Chapitre 14 : Impasse
"C'est...C'était moi..." chuchota Quentin, encore choqué par sa découverte. Le souvenir flou de l'inconnu qui l'appelait s'expliquait aussi brutalement que bizarrement.
"On est revenus dans le passé, tu t'attendais à quoi ?", tenta Julien pour le secouer. "Fais gaffe à ce que tu fais, maintenant, on n'est pas certains d'avoir une autre chance !"
"Là-bas...C'est nous...Je suis en train de donner mon couteau à Sophie, c'est ça ?"
Anna et Julien acquiescèrent en silence. Le reste du cheminement mental se fit avec fluidité pour Quentin : quelques secondes de réflexion, et il s'exclama :
"Vous voulez empêcher ça ? Et empêcher le meurtre de Frank par la même occasion ?"

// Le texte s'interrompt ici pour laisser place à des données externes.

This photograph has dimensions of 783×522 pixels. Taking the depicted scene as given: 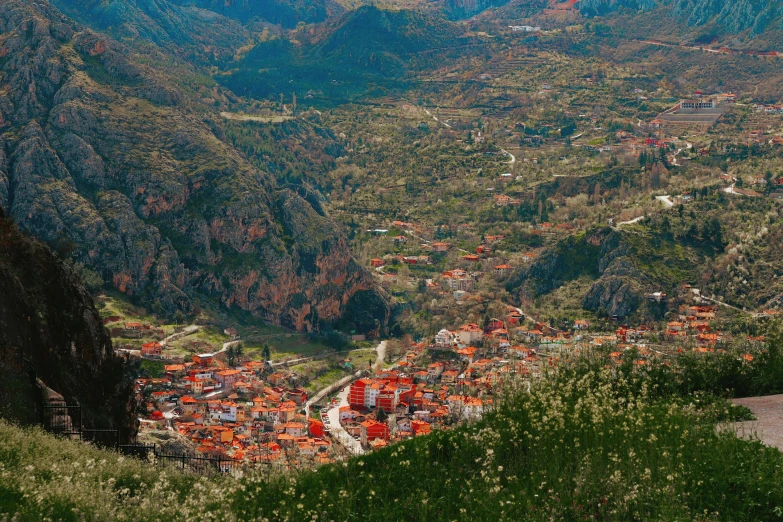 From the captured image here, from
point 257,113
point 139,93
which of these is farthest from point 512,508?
point 257,113

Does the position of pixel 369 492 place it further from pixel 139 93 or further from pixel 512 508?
pixel 139 93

Julien échangea un regard furtif avec son amie, avant de répondre prudemment :
"Non, comme ça, ce n'est pas possible. On créerait directement un paradoxe. Parce que nos nous passés sauraient que dans le futur on voudrait changer ça. Pour faire simple, on ne doit pas croiser les versions passées de nous-mêmes, sinon on crée un paradoxe et notre intervention se plante."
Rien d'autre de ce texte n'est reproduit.